An Optimal Algorithm for the Indirect Covering Subtree Problem

TL;DR

This paper introduces an optimal $O(n \,\log n)$ algorithm for the indirect covering subtree problem on trees, improving previous solutions and establishing a lower bound, thus providing the fastest known method for related coverage problems.

Contribution

The authors develop the fastest known algorithm for the indirect covering subtree problem with a matching lower bound, improving upon previous algorithms and extending to related coverage problems.

Findings

Achieved $O(n \,\log n)$ time complexity for the problem.

Proved a lower bound of $\,\Omega(n \,\log n)$, establishing optimality.
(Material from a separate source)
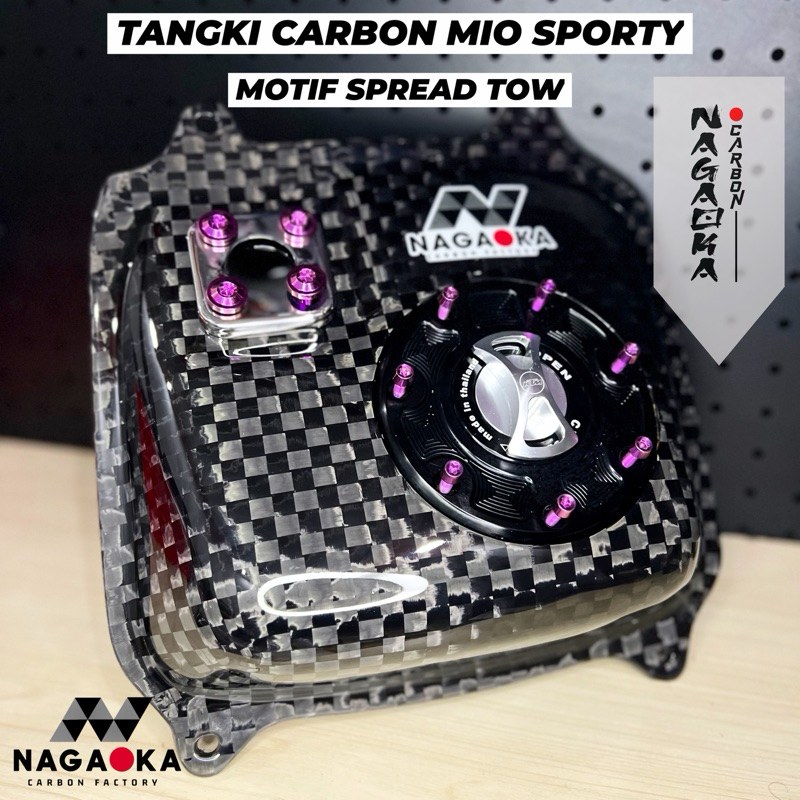 TANGKI MIO SPORTY CARBON PLUS TUTUP CNC KEVLAR MX SOUL FINO ALMU TITANIUM FIZ R FORGED CATUR SPREAD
Extended results to related coverage location problems.

Abstract

We consider the indirect covering subtree problem (Kim et al., 1996). The input is an edge weighted tree graph along with customers located at the nodes. Each customer is associated with a radius and a penalty. The goal is to locate a tree-shaped facility such that the sum of setup and penalty cost is minimized. The setup cost equals the sum of edge lengths taken by the facility and the penalty cost is the sum of penalties of all customers whose distance to the facility exceeds their radius. The indirect covering subtree problem generalizes the single maximum coverage location problem on trees where the facility is a node rather than a subtree. Indirect covering subtree can be solved in $O(n\log^2 n)$ time (Kim et al., 1996). A slightly faster algorithm for single maximum coverage location with a running time of $O(n\log^2n/\log\log n)$ has been provided (Spoerhase and Wirth, 2009). We achieve time $O(n\log n)$ for indirect covering subtree thereby providing the fastest known algorithm for both problems. Our result implies also faster algorithms for competitive location problems such as $(1,X)$-medianoid and $(1,p)$-centroid on trees. We complement our result by a lower bound of $\Omega(n\log n)$ for single maximum coverage location and $(1,X)$-medianoid on a real-number RAM model showing that our algorithm is optimal in running time.